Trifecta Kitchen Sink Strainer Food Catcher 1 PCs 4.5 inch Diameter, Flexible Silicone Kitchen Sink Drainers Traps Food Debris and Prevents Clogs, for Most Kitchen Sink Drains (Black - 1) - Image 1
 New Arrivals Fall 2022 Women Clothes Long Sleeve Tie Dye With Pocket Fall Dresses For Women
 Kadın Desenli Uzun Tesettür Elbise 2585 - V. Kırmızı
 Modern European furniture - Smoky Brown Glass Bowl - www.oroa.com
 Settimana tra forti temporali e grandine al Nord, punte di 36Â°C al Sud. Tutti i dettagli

• [EXERCISE OBJECTIVE]
Beginning with the line that contains "New Arrivals Fall", output each line of the listing above through the last one, exactly and with nothing added.

• [EXERCISE RESPONSE]
 New Arrivals Fall 2022 Women Clothes Long Sleeve Tie Dye With Pocket Fall Dresses For Women
 Kadın Desenli Uzun Tesettür Elbise 2585 - V. Kırmızı
 Modern European furniture - Smoky Brown Glass Bowl - www.oroa.com
 Settimana tra forti temporali e grandine al Nord, punte di 36Â°C al Sud. Tutti i dettagli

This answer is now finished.